I also noticed the hilarious scene on the playground where Asher Roth says "you know what's going down," and visually before us is a slide. Is it satire?

Thursday, October 27, 2011

What is Satire?blog

Satire makes us think while making us laugh. It is both a form of criticism and a form of humor. It is a time-honored rhetorical device which disarms a person long enough to conceive of a thing in a new way. It's like reverse psychology, where the desired thought process is achieved via negation, e.g., “This blog is awesome.” Lets take a stroll through satire as it applies to Satire?blog, shall we?

Satire is distinguished by the attempt to appear serious. A clown makes no attempt to be serious, and therefore is not satire (nor trusted). The less sincere the attempt, the more satire skews into lampoon. This sexual harassment short exploits sensitivity training hilariously. But it only superficially requires us to examine our attitudes towards sensitivity training because the docile responses from employees belie its seriousness. If they reacted more realistically the short would probably function better as a critique of overwrought sensitivity training videos. And it probably would be less funny.



Contrast this with Jonathan Swift's A Modest Proposal. Swift's attempt to appear serious is more genuine. His proposition to alleviate the burden of poverty by eating children is as severely inappropriate as suggesting to rub huge cocks together at the water cooler, but instead of letting the shock diminish he continues to press, developing his argument and leaving few traces that he is anything but sincere. Understanding on face value that Swift cannot be right, readers are forced to read closely in order to counter that, no, babies should not be eaten to alleviate poverty, at which point Swift has achieved his desired effect. Every reader will have a better conception of the dire poverty the Irish face and how greatly that desperation contrasts their own lives. A Modest Proposal is not that funny.

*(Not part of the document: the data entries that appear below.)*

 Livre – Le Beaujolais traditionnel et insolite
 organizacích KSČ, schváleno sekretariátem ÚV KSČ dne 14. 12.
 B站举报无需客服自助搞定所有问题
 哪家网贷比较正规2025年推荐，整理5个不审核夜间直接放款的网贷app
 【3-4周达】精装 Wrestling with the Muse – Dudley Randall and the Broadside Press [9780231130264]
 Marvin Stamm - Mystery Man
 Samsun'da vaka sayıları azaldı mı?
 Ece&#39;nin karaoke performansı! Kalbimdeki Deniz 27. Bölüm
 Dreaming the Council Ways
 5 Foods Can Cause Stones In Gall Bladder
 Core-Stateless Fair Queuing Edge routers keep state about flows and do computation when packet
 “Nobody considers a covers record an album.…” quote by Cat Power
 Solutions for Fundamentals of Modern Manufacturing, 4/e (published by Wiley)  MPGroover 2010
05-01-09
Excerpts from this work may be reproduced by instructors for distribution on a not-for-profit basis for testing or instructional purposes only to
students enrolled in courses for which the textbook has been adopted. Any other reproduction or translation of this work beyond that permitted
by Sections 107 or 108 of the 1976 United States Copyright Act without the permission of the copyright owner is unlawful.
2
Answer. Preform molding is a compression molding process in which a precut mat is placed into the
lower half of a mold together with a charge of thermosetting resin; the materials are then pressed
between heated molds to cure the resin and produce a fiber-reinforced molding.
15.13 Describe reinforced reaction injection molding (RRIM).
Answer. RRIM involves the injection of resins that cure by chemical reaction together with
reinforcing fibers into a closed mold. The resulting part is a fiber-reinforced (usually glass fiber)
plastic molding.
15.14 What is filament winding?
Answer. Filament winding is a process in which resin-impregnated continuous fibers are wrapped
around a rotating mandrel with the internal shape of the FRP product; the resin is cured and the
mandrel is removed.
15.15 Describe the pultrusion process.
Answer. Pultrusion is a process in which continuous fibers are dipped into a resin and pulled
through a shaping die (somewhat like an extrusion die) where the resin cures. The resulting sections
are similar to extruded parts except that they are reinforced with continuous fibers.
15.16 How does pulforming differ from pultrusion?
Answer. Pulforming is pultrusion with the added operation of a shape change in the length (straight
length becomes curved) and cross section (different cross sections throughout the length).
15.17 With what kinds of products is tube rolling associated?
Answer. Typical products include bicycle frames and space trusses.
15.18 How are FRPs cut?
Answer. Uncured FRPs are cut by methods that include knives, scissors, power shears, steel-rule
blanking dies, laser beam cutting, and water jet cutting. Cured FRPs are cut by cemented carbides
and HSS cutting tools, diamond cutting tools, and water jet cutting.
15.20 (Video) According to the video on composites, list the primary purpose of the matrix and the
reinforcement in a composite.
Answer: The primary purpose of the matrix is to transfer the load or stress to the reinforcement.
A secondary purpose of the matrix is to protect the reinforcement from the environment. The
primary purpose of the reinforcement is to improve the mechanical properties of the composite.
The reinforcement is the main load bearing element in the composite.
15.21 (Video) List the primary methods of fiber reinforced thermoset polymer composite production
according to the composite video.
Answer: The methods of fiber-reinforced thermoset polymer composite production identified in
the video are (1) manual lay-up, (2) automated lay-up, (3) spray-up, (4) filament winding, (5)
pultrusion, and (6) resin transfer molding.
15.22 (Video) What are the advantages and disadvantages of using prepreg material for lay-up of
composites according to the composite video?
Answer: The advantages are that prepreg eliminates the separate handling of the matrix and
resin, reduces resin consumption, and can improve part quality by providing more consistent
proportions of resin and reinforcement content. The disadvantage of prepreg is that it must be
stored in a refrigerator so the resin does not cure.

My amateur analysis* so far is suggesting that the satire spectrum is anchored by lampoon like the sexual harassment short on one end, and criticism like A Modest Proposal on the other, with the former being funnier and less persuasive than the later. But the The Onion News Network shows this dichotomy to be false since it is consistently funnier than sexual harassment and lays it's subjects even more bare than did Swift the privileged classes.

In any case, we are not interested in identifying deliberate satire because unbridled self-awareness, running roughshod over the last vestiges of innocence and authenticity, rend almost every portrayal a satire these days. I mean, can you even say freedom without a smirk or scare quotes anymore? Thanks media.

On this blog satire takes on a different dimension of meaning. When we ask “is it satire?” we seek not to classify yes or no, but just to genuinely wonder aloud. What the fuck is this? Is it satire? It sure looks like satire. In message board terminology, this would be the situation where you're unsure whether someone is sincere or trolling. Not sure if serious.... It's the disbelief when you detect a fart shortly after someone has left the room. At Satire?blog we will thrive in those moments.

Ask yourself, “if this is not satire of [some thing], then what would a satire of [that thing] look like?” If the answer is [still that thing] then you have an clear case of ambiguity. For example:



What the fuck is this? Is it real? Did they really write a song about Taco Bell and Pizza Hut? Is it supposed to be a satire of hip hop? If someone did satirize the mindless, weed-addled stupidity sloth of contemporary hip hop acts and/or their fans, wouldn't this be the song he produced?

In a cynical, meta, post-modern world, speculating on intent is the last means with which we can enjoy artistic creation. It's a head cocked-sideways. It's the ineffable feeling of “...quoi?” Won't you celebrate the ineffable with me?



P.S. I had to write that entire post without using the word irony. Its reclamation by hipsters caused a recession in the meaning market worse than the 1995 crash/release of Jagged Little Pill.